# Sick Sunflowers?



## Ditzyblond (Apr 20, 2004)

I was wondering if anyone knew anthing about sunflowers. I am growing my first patch of them ever and they have been going along fine until about 2 weeks ago. The bottom leaves started to look a bit crispy on the egdes and I figured it was from the sun because that week it was around 99/100 degrees. But now, the leaves are turning black and some have yellowed leaves with black streaky spots. On about 50% of my plants all the lower leaves have blackened and shriveled off. The tops of all of them (they dont have flowers yet) are very green and healthy. I have looked through my books and talked with some people I know and I cant figure out what to do for them. I am a novice gardener anyways. 
Any advice is appreciated.


----------



## suelandress (May 10, 2002)

Sounds like rust. Don't know if there's a cure. Did they start out brown and then blacken?


----------



## Ditzyblond (Apr 20, 2004)

Well, they started out with crispy brown edged leaves that turned yellow and then got black streaks and then that got worse until the whole leaves turned black and shriveled up and fell off. The very top leaves are beautiful and healthy green and nearly all of the plants have some of this. Some more than others. The tall ones are doing better than the small ones. The small ones look like the stems are yellowing too now.

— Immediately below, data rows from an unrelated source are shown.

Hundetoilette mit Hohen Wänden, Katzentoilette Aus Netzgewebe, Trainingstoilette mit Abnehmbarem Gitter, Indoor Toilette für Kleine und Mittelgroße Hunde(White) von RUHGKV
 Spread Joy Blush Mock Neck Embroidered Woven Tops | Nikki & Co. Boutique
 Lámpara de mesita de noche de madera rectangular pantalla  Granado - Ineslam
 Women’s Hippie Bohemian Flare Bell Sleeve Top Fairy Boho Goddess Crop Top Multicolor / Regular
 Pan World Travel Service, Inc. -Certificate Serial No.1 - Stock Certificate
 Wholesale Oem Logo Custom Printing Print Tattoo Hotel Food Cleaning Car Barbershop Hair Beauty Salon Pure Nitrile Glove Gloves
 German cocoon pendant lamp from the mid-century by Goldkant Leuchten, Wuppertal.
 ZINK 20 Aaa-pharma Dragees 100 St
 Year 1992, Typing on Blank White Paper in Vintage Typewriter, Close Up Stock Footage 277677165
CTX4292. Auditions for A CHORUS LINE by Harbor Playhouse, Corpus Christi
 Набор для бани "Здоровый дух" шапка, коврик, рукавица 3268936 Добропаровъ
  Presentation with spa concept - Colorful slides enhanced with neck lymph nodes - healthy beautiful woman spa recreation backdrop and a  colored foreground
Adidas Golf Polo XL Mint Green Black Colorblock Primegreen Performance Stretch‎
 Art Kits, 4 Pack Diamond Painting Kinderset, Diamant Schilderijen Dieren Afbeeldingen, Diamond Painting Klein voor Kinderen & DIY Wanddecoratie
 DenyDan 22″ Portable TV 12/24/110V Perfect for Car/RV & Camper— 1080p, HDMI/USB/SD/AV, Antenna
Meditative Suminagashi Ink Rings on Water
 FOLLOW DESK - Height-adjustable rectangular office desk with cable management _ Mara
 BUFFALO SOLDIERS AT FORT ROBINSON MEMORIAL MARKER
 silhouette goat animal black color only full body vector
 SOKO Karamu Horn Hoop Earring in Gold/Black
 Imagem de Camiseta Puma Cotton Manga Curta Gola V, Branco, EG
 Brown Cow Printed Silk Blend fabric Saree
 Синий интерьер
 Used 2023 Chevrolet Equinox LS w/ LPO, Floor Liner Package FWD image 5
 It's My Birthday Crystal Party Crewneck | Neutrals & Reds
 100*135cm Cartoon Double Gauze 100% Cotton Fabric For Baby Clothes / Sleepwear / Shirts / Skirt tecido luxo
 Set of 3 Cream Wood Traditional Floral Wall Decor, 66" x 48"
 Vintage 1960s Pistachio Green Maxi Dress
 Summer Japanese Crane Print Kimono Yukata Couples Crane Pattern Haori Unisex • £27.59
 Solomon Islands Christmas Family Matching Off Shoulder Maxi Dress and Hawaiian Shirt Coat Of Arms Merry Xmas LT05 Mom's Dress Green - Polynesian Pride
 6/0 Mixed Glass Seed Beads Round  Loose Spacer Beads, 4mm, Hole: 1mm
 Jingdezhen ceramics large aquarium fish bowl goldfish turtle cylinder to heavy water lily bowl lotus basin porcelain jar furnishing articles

Its very frustrating to not have a clue what to do. I have been watering these things for a couple months now and they were starting to get really tall...... I was really looking forward to yummy sunflower seeds from my own grown sunflowers. Well, they arent dead yet.....

Could it be where I live? The southern Nevada desert isnt the easiest place to grow plants. Maybe they dont like the sun here. I do see people growing them in full sun though. 

I have some other questions too. Some things in my garden just do not grow. I have beautifully shaped lettuces that are about 1.5 inches across. These have been growing since February. I would think they would be bigger than that by now. Also, my tomato plants are giving me tomatoes, but the plants themselves are only about a foot tall. The tomatoes are nice and big though but they can only grow like 2 at a time. I am growing things in miniature around here and I dont get it. I prepared the ground with compost and I water and fertilize. What am I doing wrong?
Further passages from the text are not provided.